At this point my time spent on preparation for the upcoming agroforestry conference of the future’s August 1993, actually the fourth incoming wage source, was the least. I put in approximately 18 to 20 hours weekends as well as Friday evenings at The Deli––and this was every weekend … with 16 more at the junk mail factory Mondays through Thursdays from 8 p.m. until midnight. Then back every morning five days per week for six hours a day beginning at 9 a.m. at the Forestry Department. It worked. But barely. Whatever time was left over in between––coffee breaks, lunches––all of those smidgens of moments were consumed with the work on … ‘my case’.

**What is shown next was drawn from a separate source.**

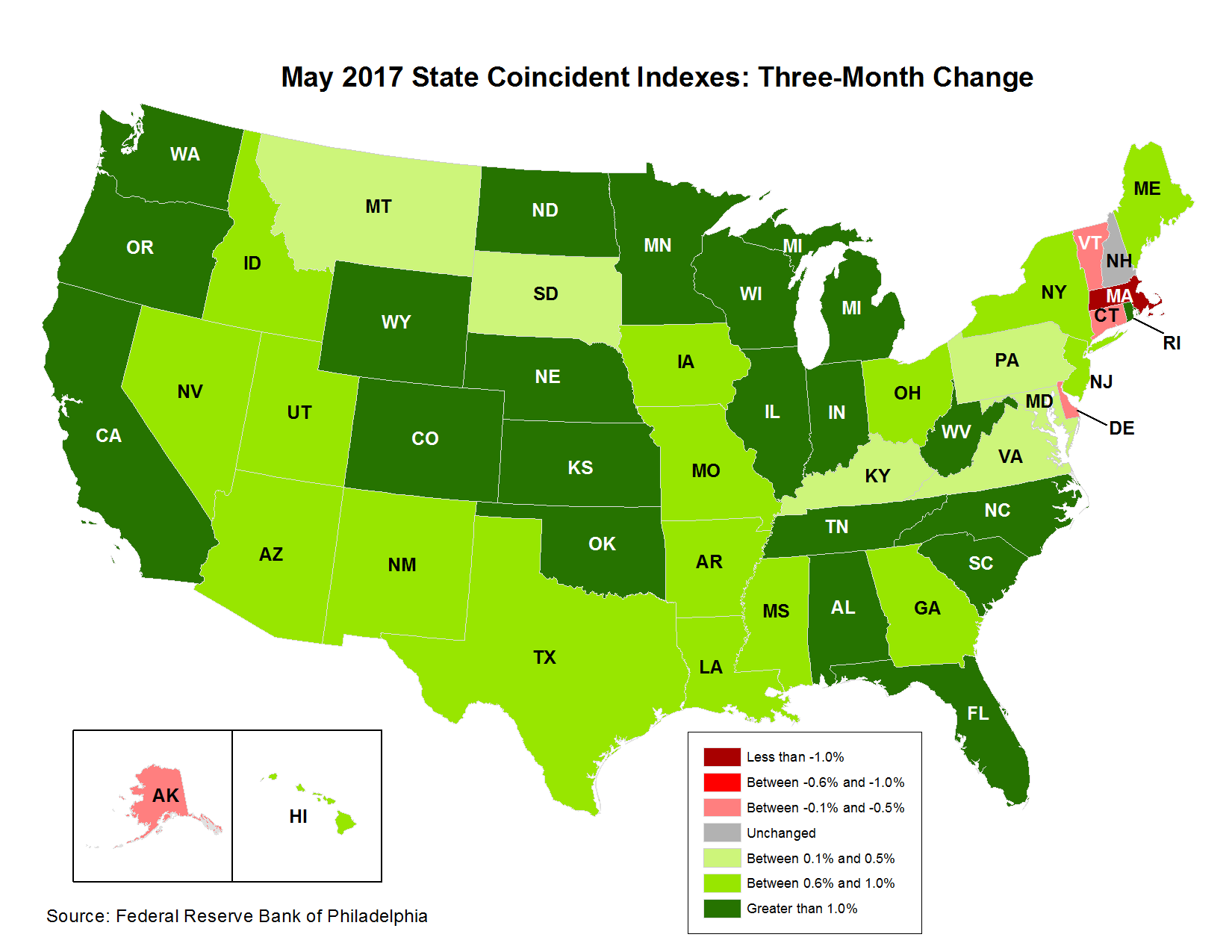 Map of the U.S. showing the State Coincident Indexes Three-Month Change in May 2017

These were the warm spring and summer months, my months of “vacation”: I did not have to worry about slamming down through the Brookside Forest to Ol’ Black and zooming it and myself home to Havencourt Drive, thus every day taking the 55 to 60 minutes during all of my noon lunches there and back to my Biology Building workstation––to flush all of the drains and run the faucets for fear of their freezing up and bursting. And I could sleep a full and sound six‑hour stretch because I did not have to answer that first of two alarm clocks … which had been specifically and nightly, thus routinely, set from the Novembers through my Marches for 2:30 a.m. … in order to rise and perform those same pipes’ saving machinations. While this agenda worked for one lone Dr. Legion True, accountable day to day for no babies’ direct care except through Dr. Herod Edinsmaier’s mandate of monthly child support payments, I cannot even begin to imagine what herculean effort it would take to “do” this agenda with subsequent scheduling through one to 1½ to two decades of “living”––had I been trying to support myself without, as then I was succeeding at “doing,” any dollars’ help from federal, state or county aid as a young, single mama––with a baby or two. Or, three. With three … Truemaier Boys!

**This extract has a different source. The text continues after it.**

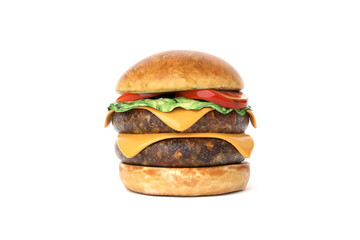 Double cheeseburger isolated on white background.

One of the phrases in Mehitable’s letters since––since my not performing daily in this reverse‑Olympian manner for just a couple of years now––is … “admire your long, long working hours.” Whatever gave any parents The Fucking Right “to expect” … “to admire” this freaking insanity in their adult children?! That their kids are up “to good things” by killing themselves slaving away for hours and hours and hours and hours, for years on end––in order just to save their parents the embarrassment or the humiliation or whatever it is that these parents perceive the much‑needed help as: that is, the help which is their daughters’ utilizing taxpayers’ dollars for personal aid––in order to assist their families to modestly live yet not utterly enslave themselves? That it apparently is “a bad thing” to provide backing to the poor people, most of them females, in going through the days of their lives “as other folks” do––who just seem by the “luck of the draw,” by the fucking luck of the status of their birthings to turn out more … blessed … and more … backed … than they?!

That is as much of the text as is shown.